The effect of controlled disorder on the superconducting transition temperature, Tc, resistivity, and the magnitude of the field-cooled ac susceptibility (ACS) has been investigated for Ca and Zn substituted Y123 (Y0.80Ca0.20Ba2(Cu1
− yZny)3O7 − δ) sintered compounds over a wide range of compositions. Ca was used to explore the overdoped side. The in-plane hole content, p, was changed by varying the oxygen deficiency (δ). Irrespective
of the hole content, Tc decreased almost linearly with Zn, though the rate of suppression was strongly p dependent. The magnitude of the low-field, field-cooled ACS, on the other hand, decreased abruptly and significantly for the heavily disordered (y > 0.05)

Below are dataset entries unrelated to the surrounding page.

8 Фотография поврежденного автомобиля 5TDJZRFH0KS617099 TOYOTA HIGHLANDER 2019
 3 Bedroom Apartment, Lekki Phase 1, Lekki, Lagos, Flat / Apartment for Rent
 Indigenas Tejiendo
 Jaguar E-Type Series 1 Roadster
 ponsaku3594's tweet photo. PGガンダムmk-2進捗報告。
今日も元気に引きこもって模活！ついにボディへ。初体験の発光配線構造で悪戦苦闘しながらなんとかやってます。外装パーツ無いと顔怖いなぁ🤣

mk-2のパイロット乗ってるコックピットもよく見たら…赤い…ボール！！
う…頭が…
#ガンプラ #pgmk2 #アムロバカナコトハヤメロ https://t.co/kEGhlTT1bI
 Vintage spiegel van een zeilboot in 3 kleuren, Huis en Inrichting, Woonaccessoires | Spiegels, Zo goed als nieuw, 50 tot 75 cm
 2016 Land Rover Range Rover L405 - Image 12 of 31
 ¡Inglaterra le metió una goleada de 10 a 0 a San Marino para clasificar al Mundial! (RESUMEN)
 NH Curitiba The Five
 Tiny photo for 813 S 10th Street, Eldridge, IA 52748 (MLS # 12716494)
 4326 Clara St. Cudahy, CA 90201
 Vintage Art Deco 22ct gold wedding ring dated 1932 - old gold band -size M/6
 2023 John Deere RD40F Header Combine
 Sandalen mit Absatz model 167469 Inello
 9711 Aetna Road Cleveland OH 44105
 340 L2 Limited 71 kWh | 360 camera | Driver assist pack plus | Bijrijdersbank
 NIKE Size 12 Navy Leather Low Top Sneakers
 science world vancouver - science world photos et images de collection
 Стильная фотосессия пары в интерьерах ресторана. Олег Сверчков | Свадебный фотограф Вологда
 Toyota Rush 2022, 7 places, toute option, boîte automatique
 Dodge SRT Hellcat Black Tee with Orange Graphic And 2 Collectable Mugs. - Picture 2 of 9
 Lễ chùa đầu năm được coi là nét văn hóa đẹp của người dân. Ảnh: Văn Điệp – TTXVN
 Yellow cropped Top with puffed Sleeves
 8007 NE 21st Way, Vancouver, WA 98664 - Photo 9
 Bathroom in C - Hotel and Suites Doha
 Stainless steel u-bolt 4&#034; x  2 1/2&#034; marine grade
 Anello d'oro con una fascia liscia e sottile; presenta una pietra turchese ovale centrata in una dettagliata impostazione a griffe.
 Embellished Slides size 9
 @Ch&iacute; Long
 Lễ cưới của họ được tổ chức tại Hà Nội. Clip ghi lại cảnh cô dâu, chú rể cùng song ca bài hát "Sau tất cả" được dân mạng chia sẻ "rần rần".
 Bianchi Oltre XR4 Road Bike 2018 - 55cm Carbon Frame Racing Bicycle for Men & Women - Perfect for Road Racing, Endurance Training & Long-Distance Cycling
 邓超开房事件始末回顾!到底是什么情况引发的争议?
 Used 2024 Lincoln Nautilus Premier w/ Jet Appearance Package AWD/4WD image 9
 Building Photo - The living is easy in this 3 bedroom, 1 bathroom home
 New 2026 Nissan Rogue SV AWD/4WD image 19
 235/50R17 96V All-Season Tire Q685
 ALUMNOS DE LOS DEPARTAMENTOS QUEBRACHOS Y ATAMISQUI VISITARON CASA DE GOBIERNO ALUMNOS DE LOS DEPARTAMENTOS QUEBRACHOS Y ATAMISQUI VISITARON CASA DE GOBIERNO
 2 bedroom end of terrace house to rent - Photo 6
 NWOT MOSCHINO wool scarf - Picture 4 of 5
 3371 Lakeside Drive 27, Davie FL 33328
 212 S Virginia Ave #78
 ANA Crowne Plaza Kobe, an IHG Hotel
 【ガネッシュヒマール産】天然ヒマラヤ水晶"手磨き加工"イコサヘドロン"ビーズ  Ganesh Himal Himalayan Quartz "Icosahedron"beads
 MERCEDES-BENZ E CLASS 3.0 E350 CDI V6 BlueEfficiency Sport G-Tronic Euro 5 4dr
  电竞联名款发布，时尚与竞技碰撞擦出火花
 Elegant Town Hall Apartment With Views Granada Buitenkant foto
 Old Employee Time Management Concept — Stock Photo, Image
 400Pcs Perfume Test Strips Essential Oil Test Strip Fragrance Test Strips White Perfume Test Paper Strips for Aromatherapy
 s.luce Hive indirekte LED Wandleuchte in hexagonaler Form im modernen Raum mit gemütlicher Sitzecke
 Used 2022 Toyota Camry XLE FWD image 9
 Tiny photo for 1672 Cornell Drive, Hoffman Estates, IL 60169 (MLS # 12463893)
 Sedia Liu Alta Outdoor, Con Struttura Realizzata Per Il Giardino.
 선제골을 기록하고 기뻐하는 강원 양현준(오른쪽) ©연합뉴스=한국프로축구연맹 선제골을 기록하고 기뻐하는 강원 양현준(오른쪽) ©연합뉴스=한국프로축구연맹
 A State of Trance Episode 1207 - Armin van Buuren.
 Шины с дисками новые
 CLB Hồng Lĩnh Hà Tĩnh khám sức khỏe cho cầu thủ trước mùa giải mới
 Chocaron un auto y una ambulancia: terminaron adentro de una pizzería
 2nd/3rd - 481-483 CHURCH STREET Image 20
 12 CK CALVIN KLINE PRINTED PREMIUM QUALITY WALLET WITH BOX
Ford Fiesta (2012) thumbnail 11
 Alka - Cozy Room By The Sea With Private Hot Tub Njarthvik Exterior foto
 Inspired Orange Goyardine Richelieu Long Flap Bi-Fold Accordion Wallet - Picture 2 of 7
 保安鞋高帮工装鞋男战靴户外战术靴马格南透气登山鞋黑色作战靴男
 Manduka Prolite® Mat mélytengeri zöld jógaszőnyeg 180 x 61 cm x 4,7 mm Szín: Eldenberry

sintered compounds when p was decreased. More strikingly, the qualitative features of the field dependent ACS signal became identical for sintered and powdered samples, indicating a complete absence of coupling among superconducting grains in heavily disordered Y0.80Ca0.20Ba2(Cu1
− yZny)3O7 − δ. A non-monotonic and pronounced enhancement of the residual resistivity for samples with y > 0.05 lends further support to this picture. The abruptness of this 'isolated superconducting droplet'
behavior points toward possible interplay among various length scales. We discuss the implications of these findings in detail in this paper.